The rebuttal has addressed my major concerns. I have raised my score to Borderline accept.
Response to all reviewers and area chairs for a brief summary
We sincerely thank all reviewers for their careful reading and insightful comments. We are encouraged by the positive feedback and recognition of our work's key strengths noted by the reviewers:
- A new reference-based face restoration model based on latent diffusion model. [E2Jp, 5Xiy, G6n4]
- CacheKV mechanism, effectively integrating multiple reference images. [E2Jp, ZeBa]
- An effective timestep-scaled identity loss. [E2Jp, 5Xiy]
- New FFHQ-Ref dataset, surpassing existing reference-based dataset. [E2Jp, 5Xiy, ZeBa]
- Superior performance in face identity similarity over previous methods. [5Xiy, ZeBa]
- Experiments to validate each proposed component. [G6n4]
We have responded to each reviewer individually to address any comments. We would like to give a brief summary.
- Improvements: We address the limited improvement over no-reference methods by highlighting the superior IDS and presenting an additional FID metric that shows better performance.

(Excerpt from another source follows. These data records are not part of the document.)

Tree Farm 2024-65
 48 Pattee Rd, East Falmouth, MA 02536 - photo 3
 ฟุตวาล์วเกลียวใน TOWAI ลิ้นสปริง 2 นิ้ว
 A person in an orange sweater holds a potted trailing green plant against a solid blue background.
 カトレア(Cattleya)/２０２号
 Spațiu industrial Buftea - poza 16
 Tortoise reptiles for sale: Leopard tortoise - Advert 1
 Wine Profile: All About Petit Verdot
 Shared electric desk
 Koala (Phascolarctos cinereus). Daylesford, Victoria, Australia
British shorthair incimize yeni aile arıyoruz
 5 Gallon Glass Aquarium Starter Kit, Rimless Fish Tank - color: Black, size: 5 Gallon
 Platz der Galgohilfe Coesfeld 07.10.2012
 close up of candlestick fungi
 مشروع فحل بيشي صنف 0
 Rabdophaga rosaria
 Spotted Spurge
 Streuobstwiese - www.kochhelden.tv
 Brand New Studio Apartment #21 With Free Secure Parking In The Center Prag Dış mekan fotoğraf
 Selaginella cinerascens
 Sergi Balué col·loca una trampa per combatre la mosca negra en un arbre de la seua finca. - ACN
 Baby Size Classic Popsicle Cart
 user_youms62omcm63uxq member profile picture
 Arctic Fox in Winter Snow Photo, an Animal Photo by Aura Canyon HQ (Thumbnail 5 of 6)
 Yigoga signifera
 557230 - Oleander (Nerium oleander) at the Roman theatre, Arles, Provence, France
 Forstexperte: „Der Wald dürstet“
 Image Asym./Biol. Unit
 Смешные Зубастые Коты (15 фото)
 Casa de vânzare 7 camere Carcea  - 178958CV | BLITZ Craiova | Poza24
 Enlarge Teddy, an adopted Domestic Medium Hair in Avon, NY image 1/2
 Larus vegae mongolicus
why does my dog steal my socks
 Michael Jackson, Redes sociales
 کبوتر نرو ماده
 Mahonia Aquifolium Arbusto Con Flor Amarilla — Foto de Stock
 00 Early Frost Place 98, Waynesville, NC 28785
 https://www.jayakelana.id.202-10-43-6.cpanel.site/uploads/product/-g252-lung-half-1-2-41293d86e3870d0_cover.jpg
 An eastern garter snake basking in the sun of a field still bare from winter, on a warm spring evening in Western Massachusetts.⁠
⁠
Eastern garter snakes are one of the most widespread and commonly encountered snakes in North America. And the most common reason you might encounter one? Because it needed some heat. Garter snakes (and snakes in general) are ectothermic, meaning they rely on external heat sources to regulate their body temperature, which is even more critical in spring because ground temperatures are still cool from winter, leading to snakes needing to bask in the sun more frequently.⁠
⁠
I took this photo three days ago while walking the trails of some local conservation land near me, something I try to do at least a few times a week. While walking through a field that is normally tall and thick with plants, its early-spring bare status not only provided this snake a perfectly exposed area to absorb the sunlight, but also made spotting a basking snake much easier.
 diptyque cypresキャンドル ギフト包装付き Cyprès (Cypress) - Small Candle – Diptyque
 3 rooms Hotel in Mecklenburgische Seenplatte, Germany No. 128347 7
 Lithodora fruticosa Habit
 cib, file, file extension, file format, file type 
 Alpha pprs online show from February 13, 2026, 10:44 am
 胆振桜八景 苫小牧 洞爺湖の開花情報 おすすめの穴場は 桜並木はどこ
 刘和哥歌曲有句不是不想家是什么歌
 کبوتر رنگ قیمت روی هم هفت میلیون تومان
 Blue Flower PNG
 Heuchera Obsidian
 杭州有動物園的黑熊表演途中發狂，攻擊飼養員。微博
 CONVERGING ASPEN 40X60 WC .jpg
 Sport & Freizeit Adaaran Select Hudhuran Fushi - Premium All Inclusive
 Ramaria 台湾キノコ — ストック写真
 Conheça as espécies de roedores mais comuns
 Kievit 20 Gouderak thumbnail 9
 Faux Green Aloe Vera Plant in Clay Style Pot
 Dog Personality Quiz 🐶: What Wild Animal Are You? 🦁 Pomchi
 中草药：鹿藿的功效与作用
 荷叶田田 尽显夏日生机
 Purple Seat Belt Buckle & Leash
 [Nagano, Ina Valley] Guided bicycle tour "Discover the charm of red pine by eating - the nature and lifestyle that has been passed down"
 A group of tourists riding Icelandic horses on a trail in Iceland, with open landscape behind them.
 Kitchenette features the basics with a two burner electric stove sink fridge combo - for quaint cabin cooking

- Ablation studies: We conduct additional experiments on a variant of the timestep-scaled identity loss and demonstrate CacheKV's advantage over face embeddings.
- CacheKV explanation: We provide a more explicit explanation of how CacheKV works and its advantages over cross-attention.
- Comparison to related work: We clarify the differences between our designs and those of MasaCtrl and PuLID.
- Dataset value: We defend the value of FFHQ-Ref, despite it not containing new images, by highlighting its improved quality and organization for reference-based face tasks.
- Additional experiments: We present results of using reference images from different identities and in no-reference scenarios.
- Computational efficiency: We explain how CacheKV can be optimized for applications like video face restoration.
Again, we thank all reviewers and area chairs!
Best,
Authors
This paper proposes a latent diffusion model, named ReF-LDM, for reference-based face image restoration. The authors design a CacheKV mechanism to effectively and efficiently integrate information from mulitple reference images. They also proposes a timestep-scaled identity loss to better preserve the identity in the restored image. Finally, they construct a new dataset based on the FFHQ datatset for reference-based face restoration.
The authors have clearly explained the working principal of their CacheKV mechanism and its difference from other similar designs. They have also included further ablation study for their timestep-scaled identity loss. These have resolved most of the concerns raised by the reviewers. The major concern is the overall novelty of this work seems minor.